Already this year we have seen a serious demand for transparency from consumers, and this will continue to be demanded from brands more and more as we get further into 2018. A report by Unilever suggests an estimated €966bn in untapped market potential exists for brands that are clearer about their sustainability credentials. One of the main reasons we believe the need for transparency is so great is down to the digital world we live in – online is almost impossible to discover the true origin of the information we are consuming.
In 2018 Blockchain will be a potential solution to this trust crisis, as it will act as a real way to verify sustainability. This will need help from designers to help people understand it and build their faith in it. To really make Blockchain understandable, organisations will need to shift their emphasis from ‘touch points’ to ‘trust points’ when carving out their sustainable strategies. Here’s an insight into some of the trends we believe will provide real “trust points” in the market this year.
Trust is the new currency
Blockchain is not the only way that trust can be implemented into your brand. The Baltic Sea Card is a shining example of a real ‘trust point’. The award winning debit and credit card from Bank of Aland is made from renewable raw materials including maize, which is non-toxic and is fully biodegradable. An accompanying digital report enables you to track the carbon footprint of your consumption. The report data is based on the bank’s Aland Index, which applies a unique code to different retailers and cross-references company information with financial data to calculate the carbon footprint of the wider industry and the average carbon footprint of each transaction. The Bank of Aland’s Card hopes to raise awareness and encourage people to adopt more sustainable consumption habits.
Utilising new materials
As Buckminster Fuller once said “Pollution is nothing but the resources we are not harvesting. We allow them to disperse because we’ve been ignorant of their value.” A company that has taken this quote literally is AIR-INK. AIR INK makes the invisible visible by creating ink from the pollutants that cover our cities. Extracting the ink begins with a filter mounted on the exhaust pipe of a vehicle or diesel generator. The device then captures tiny invisible particles in the pollutant that would otherwise blacken our streets and our lungs.
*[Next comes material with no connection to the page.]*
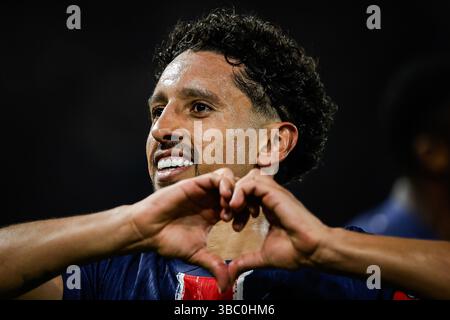 Parigi, Francia. 17 maggio 2025. MARQUINHOS del PSG celebra il suo gol durante la partita di calcio francese di Ligue 1 tra Paris Saint-Germain e AJ Auxerre il 17 maggio 2025 allo stadio Parc des Princes di Parigi, Francia - Photo Matthieu Mirville/DPPI Credit: DPPI Media/Alamy Live News Foto Stock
AIR-INK is a potent gesture that connects people to the urgent issue of climate change, bringing poetic inspiration to a daunting global challenge.
The worth of waiting
As life keeps speeding up, there has been new value placed on waiting. This trend has manifested itself through the slow food and slow TV concepts, and is now translating itself into mindfulness through modern apps that we use everyday to tackle our need for instant gratification. We are becoming increasingly nostalgic for a time when experiences felt slower, when we didn’t travel for Instagram, but for the way travel made us feel.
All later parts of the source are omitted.